AH-2/UH-2新対戦車ヘリの可能性を考える【5】ヘリコプター打撃力は日本型の航空機が今後必要になる

2024-02-29 20:05:23 | 先端軍事テクノロジー
■ニッポンAH-2が必要だ
 AH-1Sの後継はAH-2でなければ多用途ヘリコプターの武装運用では機械化部隊への補給任務さえ危ないという視座に基づく特集は今回がいったんの区切りとしましょう。

 UH-2からのAH-2,この思考に至ったのは、等持院か光明院か本法寺庭園でなのかというのはさておき、偵察戦闘大隊という、戦車大隊と偵察隊を統合した近年続々と創設され、まもなく全廃される本州戦車部隊の代替という存在も一つあります。観測ヘリコプターと対戦車ヘリコプターの任務を統合できる可能性があるのではないか、という視座に基づく。

 偵察戦闘ヘリコプター、なにかとってつけたような、アメリカが既に失敗した方式のようにも今アメリカが仕切り直しを模索しているような方式にも見える様式です。ただ、着弾観測にもちいられたOH-6D観測ヘリコプターを偵察任務に用いていました時代がある自衛隊ですが、OH-6Dに観測はともかく偵察は可能か落とされないのか、と当時は危惧した。
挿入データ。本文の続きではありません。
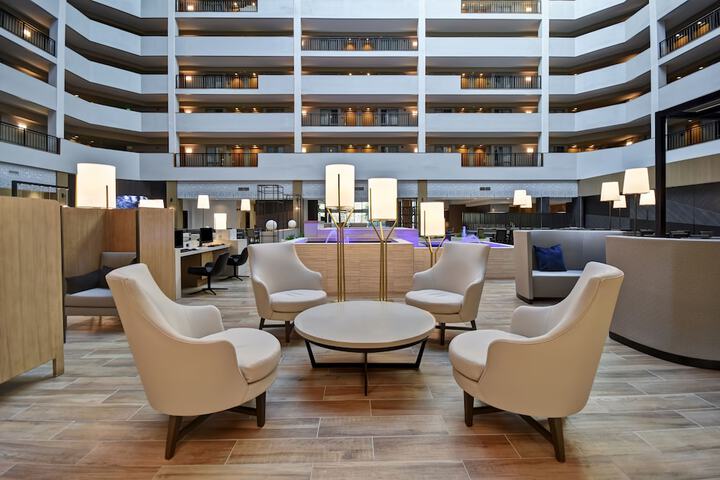 Lobby lounge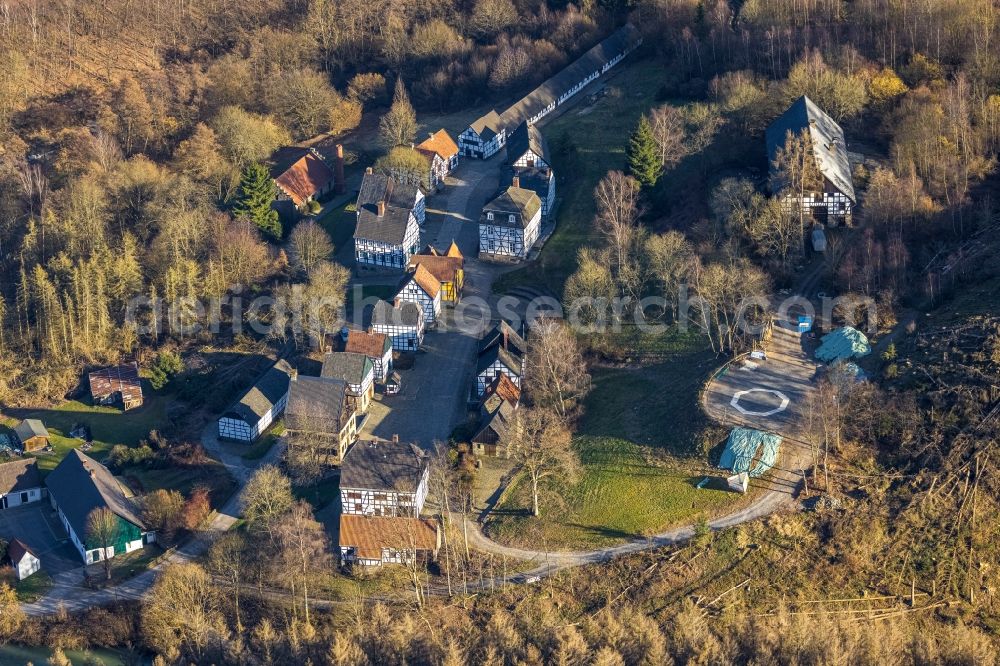 Aerial photograph Hagen - Half-timbered house and multi-family house- residential area in the old town area and inner city center and Brauerei on Maeckingerbach in the district Dahl in Hagen at Ruhrgebiet in the state North Rhine-Westphalia, Germany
 OH-6D観測ヘリコプター、既に全廃されている装備ですが自衛隊は無人航空機により代替するという。これは例えば純粋な観測機、TH-55ヘリコプターが想定したような着弾観測ならば、確かに師団や旅団の情報隊に装備されているスキャンイーグル無人機でも対応できると考えます、もっとも火砲はまもなし師団旅団から廃止されますが。これは別の話で。

 スキャンイーグルは一機2億5000万円とOH-6Dの3億円と比べれば安価で、長時間、実に24時間もの飛行が可能であるとともに100kmにわたる統合通信システムを搭載、近年火砲の砲身が52口径から62口径や70口径時代まで延伸され野砲の射程が100kmへ迫ることとなっていますが、スキャンイーグルはその射程さえも凌ぐ行動半径を有しています。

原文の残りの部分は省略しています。